EXERCISE DIRECTIONS
Your answer must be an exact copy of the entries below, with every picture removed.

RECORDS FOR THE EXERCISE
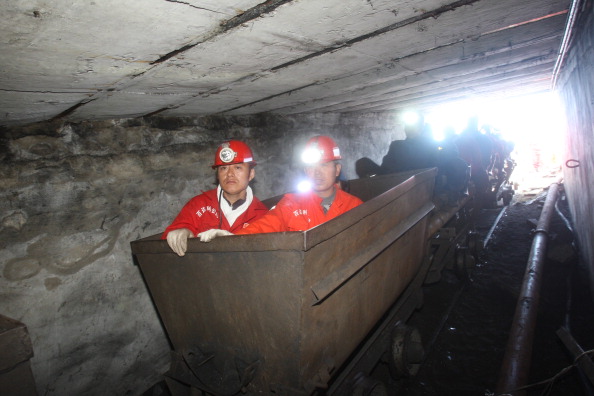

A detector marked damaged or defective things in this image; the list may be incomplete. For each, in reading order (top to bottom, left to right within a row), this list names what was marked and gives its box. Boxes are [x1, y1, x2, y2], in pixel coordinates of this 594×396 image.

rusty cart wall [130, 166, 434, 392]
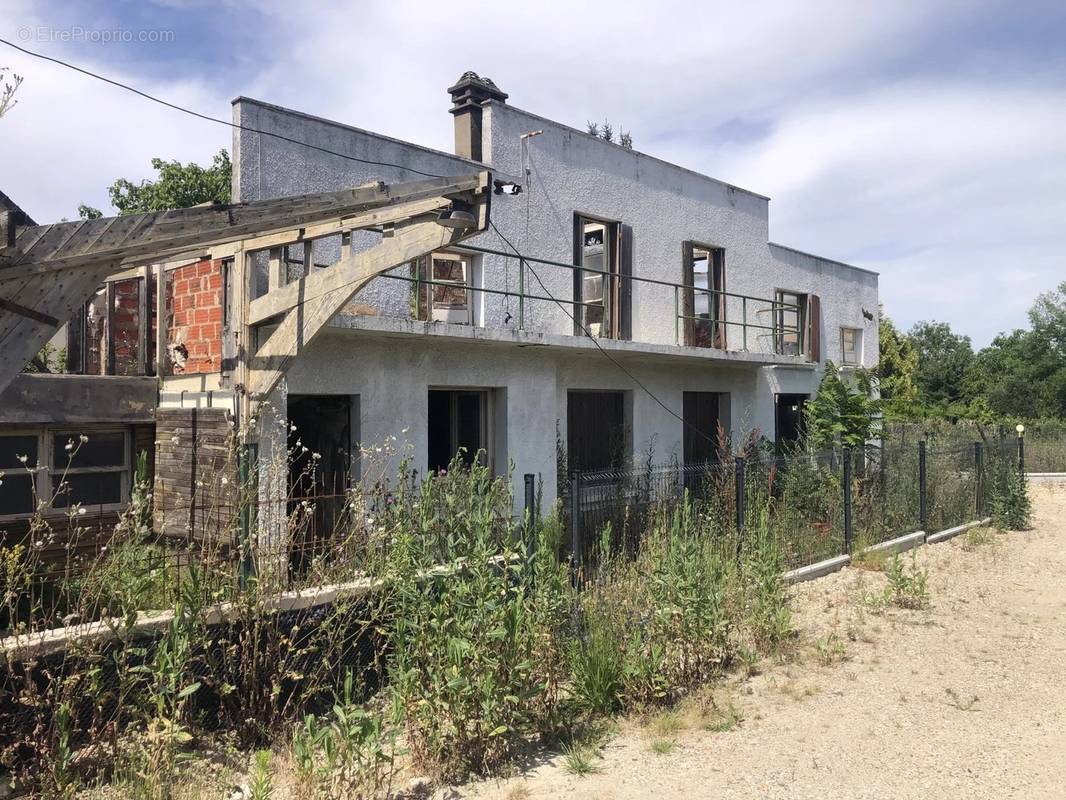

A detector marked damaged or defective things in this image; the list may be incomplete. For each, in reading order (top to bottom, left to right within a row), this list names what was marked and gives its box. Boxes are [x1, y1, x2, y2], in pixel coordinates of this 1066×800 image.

broken window frame [768, 290, 804, 354]
broken window frame [840, 326, 864, 368]
broken window frame [0, 428, 130, 520]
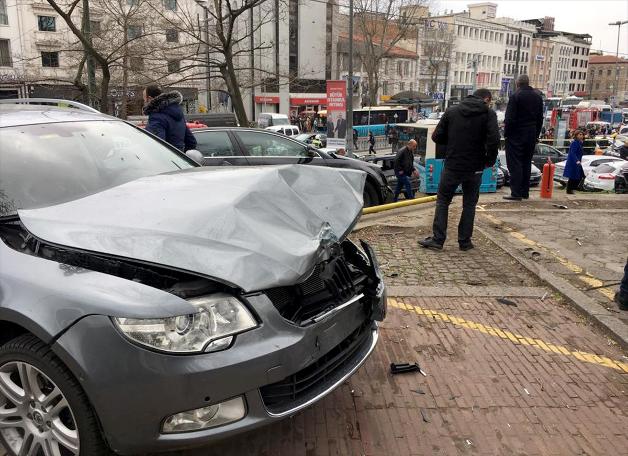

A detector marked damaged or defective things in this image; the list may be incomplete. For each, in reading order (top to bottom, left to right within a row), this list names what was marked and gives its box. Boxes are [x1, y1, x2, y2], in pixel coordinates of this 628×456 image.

crumpled car hood [19, 166, 366, 290]
torn metal panel [19, 166, 366, 290]
crushed headlight housing [114, 294, 256, 354]
damaged silver car [0, 100, 386, 456]
broken front grille [260, 320, 372, 414]
broken front grille [264, 253, 370, 324]
crushed headlight housing [162, 398, 245, 432]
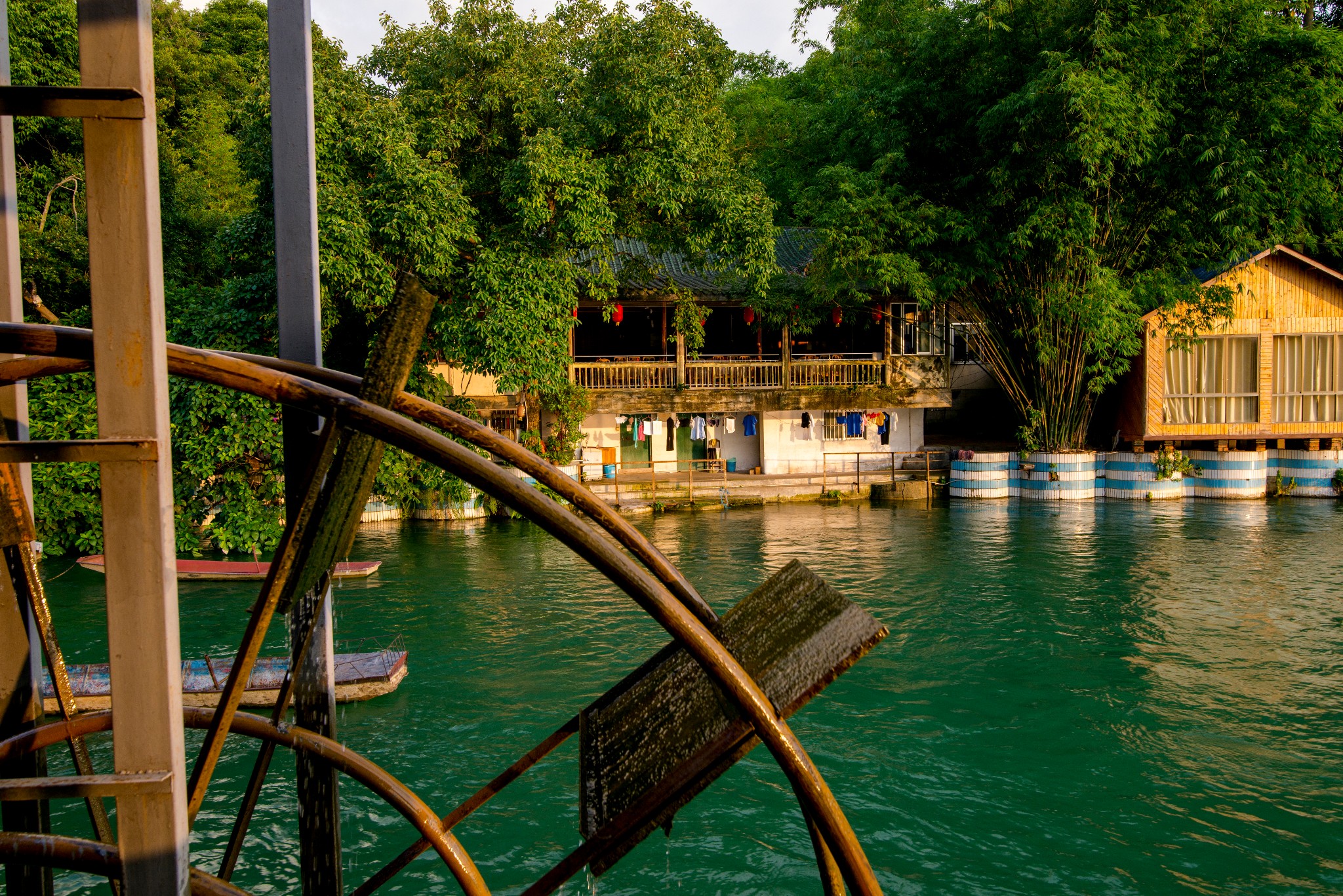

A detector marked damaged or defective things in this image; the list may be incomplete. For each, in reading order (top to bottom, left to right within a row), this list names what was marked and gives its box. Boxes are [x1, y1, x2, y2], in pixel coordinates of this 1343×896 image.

rusty metal bracket [0, 87, 144, 121]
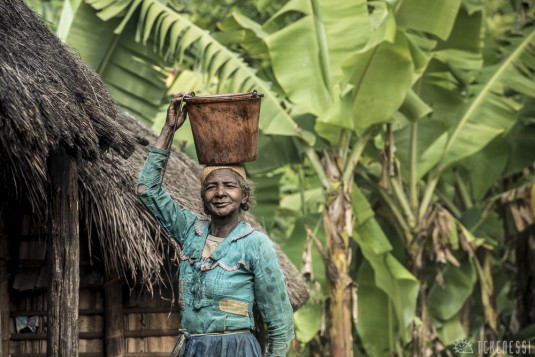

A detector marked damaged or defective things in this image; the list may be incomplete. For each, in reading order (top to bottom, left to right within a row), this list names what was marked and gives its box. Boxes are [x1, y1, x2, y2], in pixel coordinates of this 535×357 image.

rusty metal bucket [185, 91, 264, 165]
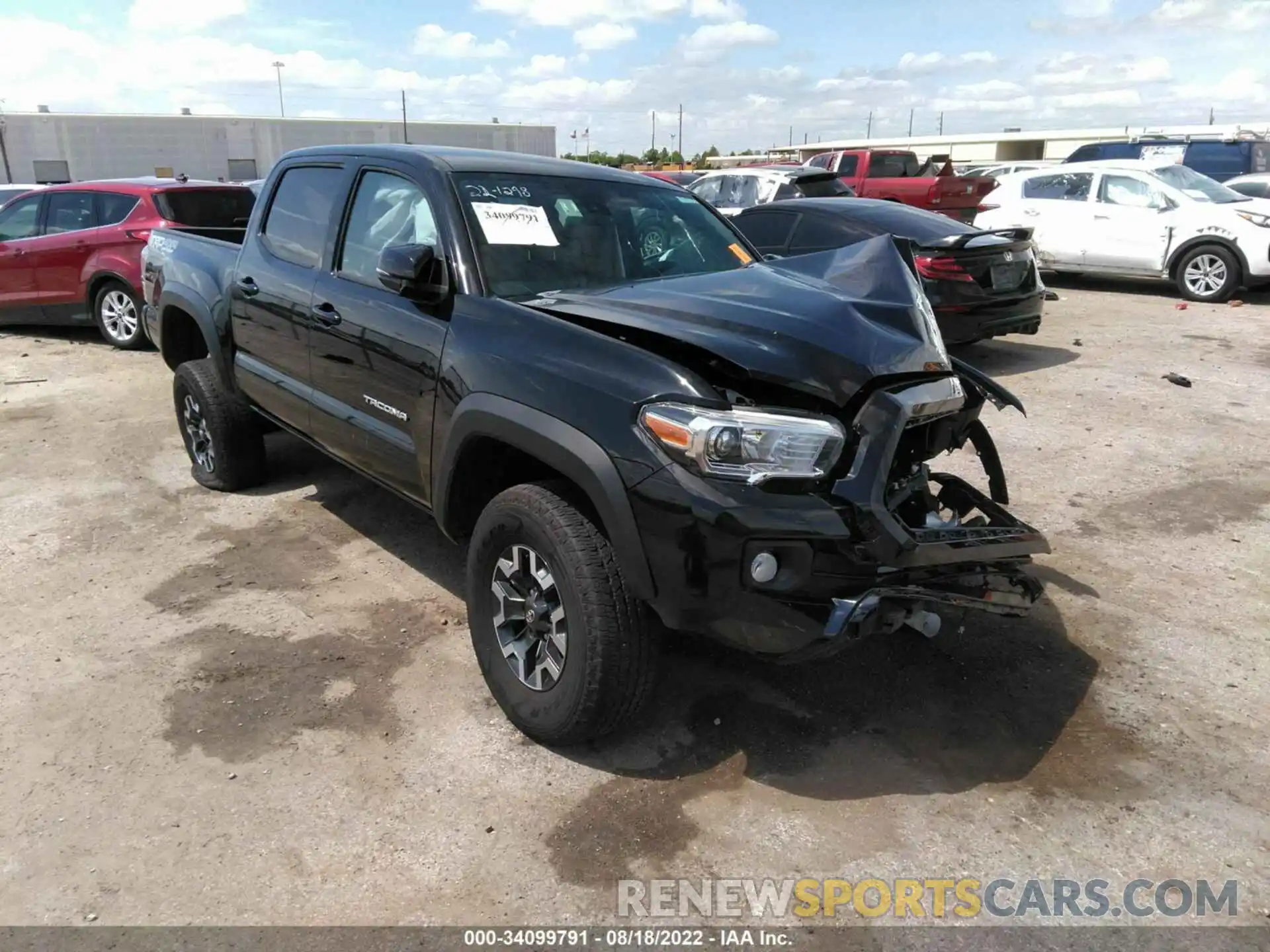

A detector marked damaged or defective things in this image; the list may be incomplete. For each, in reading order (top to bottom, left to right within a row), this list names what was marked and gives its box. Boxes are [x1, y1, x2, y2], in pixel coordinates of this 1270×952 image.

damaged hood [521, 235, 947, 410]
broken headlight assembly [646, 402, 841, 484]
crumpled front bumper [627, 376, 1053, 658]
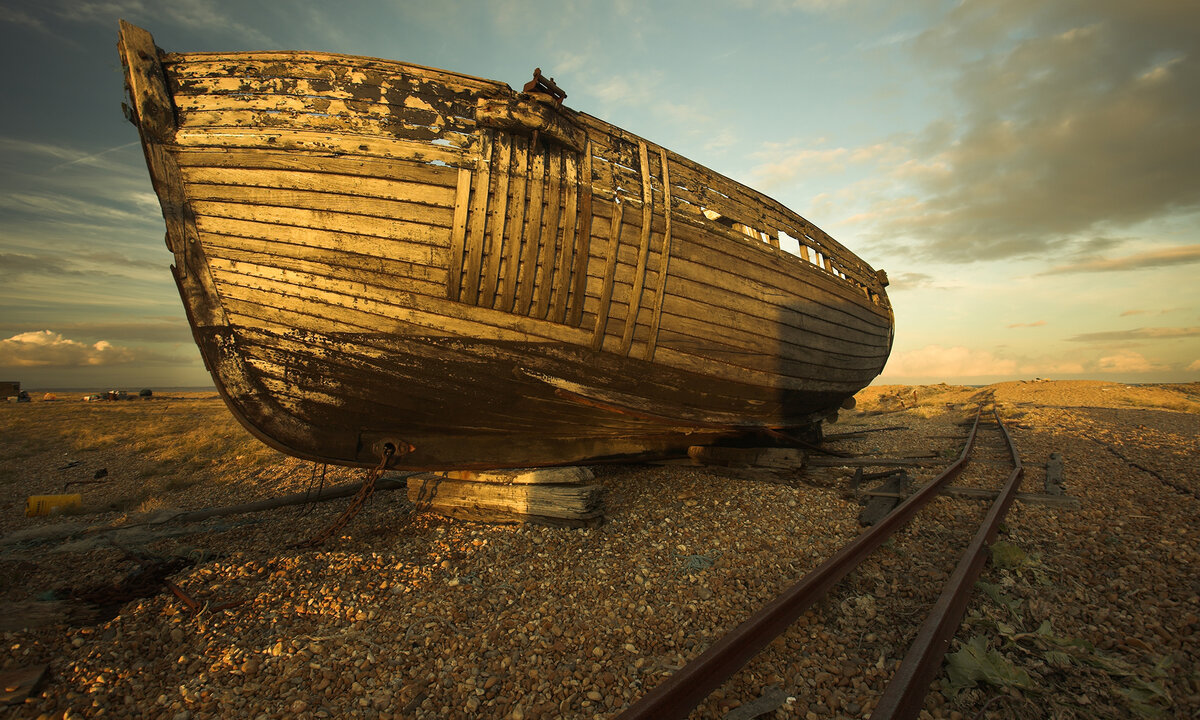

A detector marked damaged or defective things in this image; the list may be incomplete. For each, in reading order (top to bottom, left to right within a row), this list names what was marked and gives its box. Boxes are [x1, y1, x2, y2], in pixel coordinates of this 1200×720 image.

rusty metal piece on ground [520, 67, 566, 103]
rusty metal piece on ground [0, 662, 48, 700]
rusty metal piece on ground [295, 441, 403, 549]
rusted steel rail [614, 410, 988, 720]
rusty metal piece on ground [619, 408, 984, 715]
rusty railway rail [619, 408, 1022, 715]
rusty metal piece on ground [868, 408, 1027, 715]
rusted steel rail [868, 408, 1027, 715]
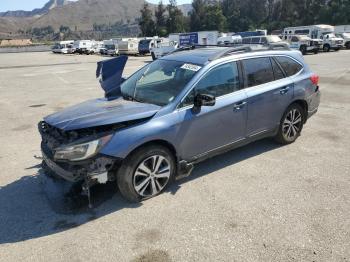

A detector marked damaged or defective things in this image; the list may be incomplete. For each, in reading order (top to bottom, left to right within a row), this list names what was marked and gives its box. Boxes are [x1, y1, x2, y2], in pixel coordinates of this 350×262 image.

crumpled hood [44, 97, 163, 131]
broken headlight [53, 135, 112, 162]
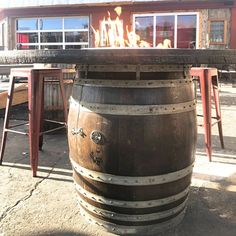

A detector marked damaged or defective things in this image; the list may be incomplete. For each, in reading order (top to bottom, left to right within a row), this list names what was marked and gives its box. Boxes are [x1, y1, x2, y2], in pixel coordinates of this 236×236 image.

rusty metal band [69, 97, 195, 116]
cracked concrete pavement [0, 82, 235, 235]
rusty metal band [70, 159, 194, 186]
rusty metal band [75, 183, 190, 207]
rusty metal band [78, 196, 187, 222]
rusty metal band [79, 206, 186, 235]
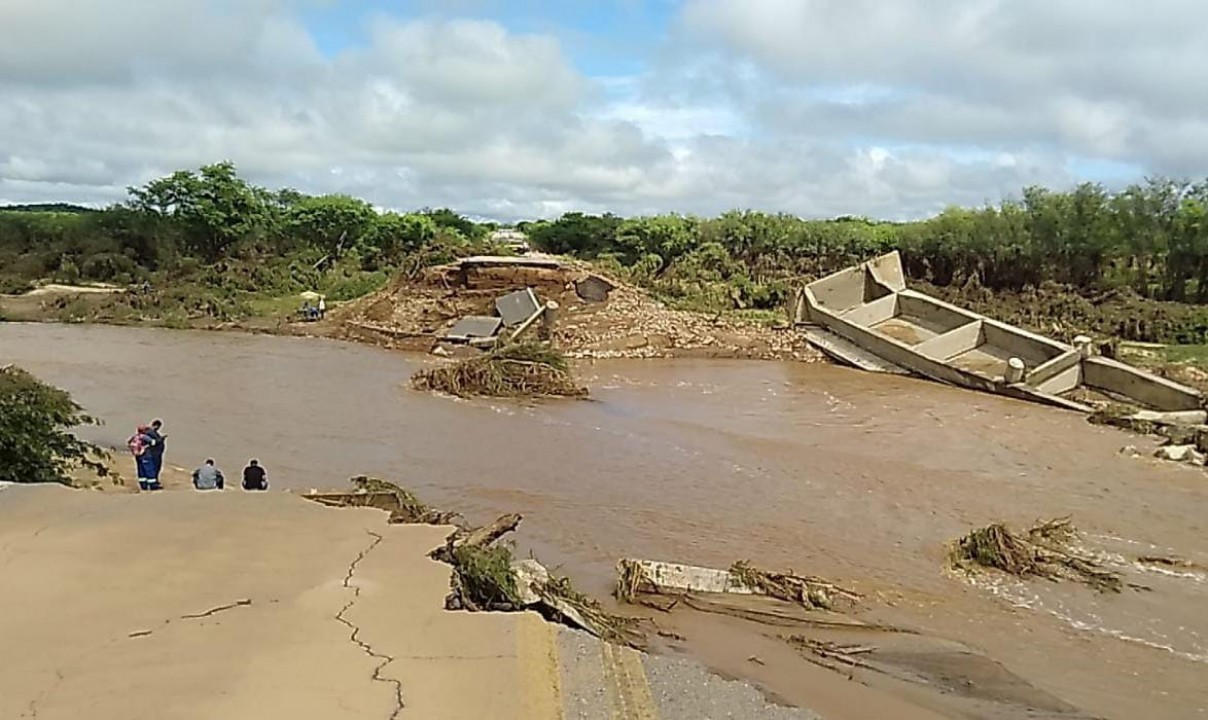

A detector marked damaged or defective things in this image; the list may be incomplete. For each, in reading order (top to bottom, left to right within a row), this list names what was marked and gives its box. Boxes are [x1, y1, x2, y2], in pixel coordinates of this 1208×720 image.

broken concrete slab [572, 272, 612, 300]
broken concrete slab [444, 316, 500, 344]
broken concrete slab [496, 290, 544, 330]
cracked road surface [0, 486, 820, 716]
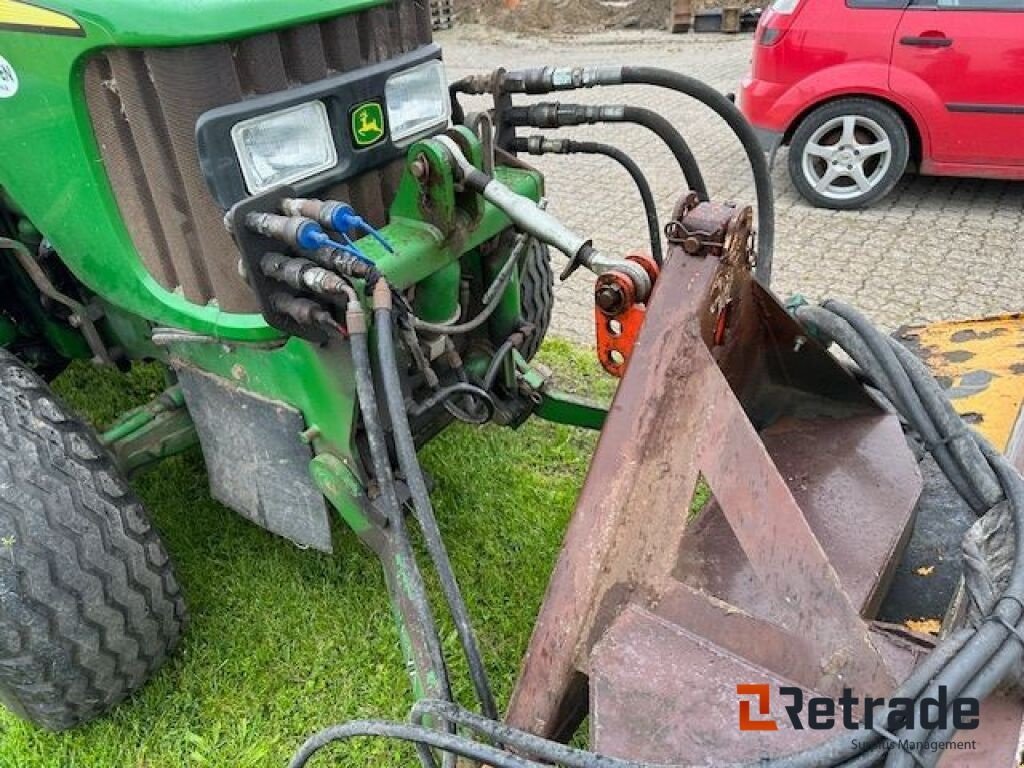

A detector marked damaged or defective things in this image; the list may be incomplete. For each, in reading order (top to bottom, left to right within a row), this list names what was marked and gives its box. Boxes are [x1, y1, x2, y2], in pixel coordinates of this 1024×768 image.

rusty metal bucket [506, 196, 1024, 760]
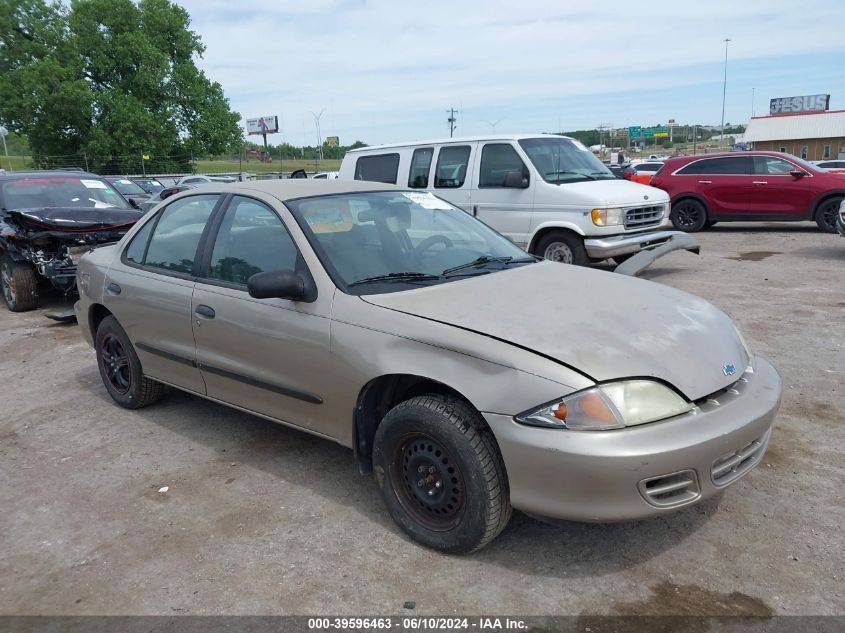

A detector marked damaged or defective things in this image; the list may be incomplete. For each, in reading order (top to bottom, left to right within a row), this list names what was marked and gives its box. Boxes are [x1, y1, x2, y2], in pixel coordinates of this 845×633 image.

black damaged car [0, 170, 143, 312]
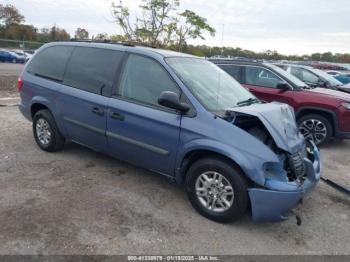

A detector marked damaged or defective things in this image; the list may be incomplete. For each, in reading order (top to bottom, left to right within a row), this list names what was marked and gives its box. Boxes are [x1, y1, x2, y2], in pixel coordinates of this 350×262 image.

RESPONSE BOX
A detector marked damaged or defective things in this image; the list may be incomplete. For each, in reading order (top to bottom, left to right within a row), this list names what was marked and gives its box. Boxes are [x1, y1, x2, y2], in pixel coordinates of this 594×396 image.

rusty cart wall [130, 166, 434, 392]

A detector marked damaged or defective things in this image; the list may be incomplete. For each, in reading order (top to bottom, left to right within a row), this list names what was marked and gives its box. Boxes are [x1, y1, x2, y2], in pixel coordinates of this 1066×800 image.

broken window frame [768, 290, 804, 354]
broken window frame [840, 326, 864, 368]
broken window frame [0, 428, 130, 520]

A detector marked damaged or defective things in this image; the list may be incomplete. For each, in reading order (top to bottom, left to right within a row), this list names what was marked and gives its box. Boxes are [x1, y1, x2, y2], in pixel coordinates of this 628×456 image.

crumpled car hood [19, 166, 366, 290]
torn metal panel [19, 166, 366, 290]
crushed headlight housing [114, 294, 256, 354]
damaged silver car [0, 100, 386, 456]
broken front grille [260, 320, 372, 414]
broken front grille [264, 253, 370, 324]
crushed headlight housing [162, 398, 245, 432]

A detector marked damaged or defective things in this image; the list may be incomplete. For each, in reading order (top to bottom, left to right within a row), this list names what was marked and gives its box. Boxes are [x1, y1, x2, y2], in pixel coordinates of this 1343×896 image.

rusty metal bracket [0, 87, 144, 121]

A detector marked damaged or defective things in this image; the list may be incomplete. For each, in reading order (top to bottom, left to right within a row), this list names what was marked and gives its box. Boxes are [x1, y1, x2, y2], in pixel coordinates of this 535×357 image.

rusty metal bucket [185, 91, 264, 165]

A detector marked damaged or defective things in this image; the list may be incomplete. For each, in reading order (top to bottom, left to right within a row), this list names what was marked and gives its box. Boxes are [x1, y1, x2, y2], in pixel coordinates of this 1270×952 image.

damaged hood [521, 235, 947, 410]
broken headlight assembly [646, 402, 841, 484]
crumpled front bumper [627, 376, 1053, 658]

A detector marked damaged or defective things in this image; the list may be incomplete. For each, in reading order (top to bottom, left to right within a row), this list names what was marked and gives its box. Boxes are [x1, y1, x2, y2], in pixel coordinates of this 1200×720 image.

rusty metal piece on ground [520, 67, 566, 103]
rusty metal piece on ground [0, 662, 48, 700]
rusty metal piece on ground [295, 441, 403, 549]
rusted steel rail [614, 410, 988, 720]
rusty metal piece on ground [619, 408, 984, 715]
rusty railway rail [619, 408, 1022, 715]
rusty metal piece on ground [868, 408, 1027, 715]
rusted steel rail [868, 408, 1027, 715]

A detector marked damaged or defective things in this image; the list may be incomplete. For each, in reading order (top to bottom, left to right within a row), this list names what was marked and gives its box. Boxes are [x1, y1, x2, y2], in pixel coordinates of this 350×262 image.

crumpled hood [44, 97, 163, 131]
broken headlight [53, 135, 112, 162]

A detector marked damaged or defective things in this image; the list may be incomplete. For each, in reading order (top to bottom, left to right within a row), this list names what was marked and gives its box. Boxes are [x1, y1, x2, y2], in pixel coordinates of this 236×236 image.

rusty metal band [69, 97, 195, 116]
cracked concrete pavement [0, 82, 235, 235]
rusty metal band [70, 159, 194, 186]
rusty metal band [75, 183, 190, 207]
rusty metal band [78, 196, 187, 222]
rusty metal band [79, 206, 186, 235]

A detector marked damaged or defective things in this image; the list may be incomplete. For each, in reading order (top to bottom, left to right within a row), this list names what was marked and gives its box. Boxes are [x1, y1, x2, y2], in pixel coordinates of this 1208×720 image.

broken concrete slab [572, 272, 612, 300]
broken concrete slab [444, 316, 500, 344]
broken concrete slab [496, 290, 544, 330]
cracked road surface [0, 486, 820, 716]

A detector marked damaged or defective things in this image; the list may be incomplete. For each, in reading order (top to bottom, left to right within a row), this list names what was marked and gives its box. Boxes are [x1, y1, x2, y2], in pixel coordinates of this 1024×768 image.

rusty metal bucket [506, 196, 1024, 760]

A detector marked damaged or defective things in this image; the list may be incomplete. For each, in reading order (top to bottom, left to right within a row), this list names what was marked and gives its box. Boxes are [x1, y1, x2, y2], in pixel coordinates of this 845×633 image.

black damaged car [0, 170, 143, 312]

A detector marked damaged or defective things in this image; the list may be incomplete. For each, in reading order (top to bottom, left to right within a row), this list names what was marked and gives its box. Boxes are [x1, y1, x2, y2], in pixel coordinates of this 350×262 image.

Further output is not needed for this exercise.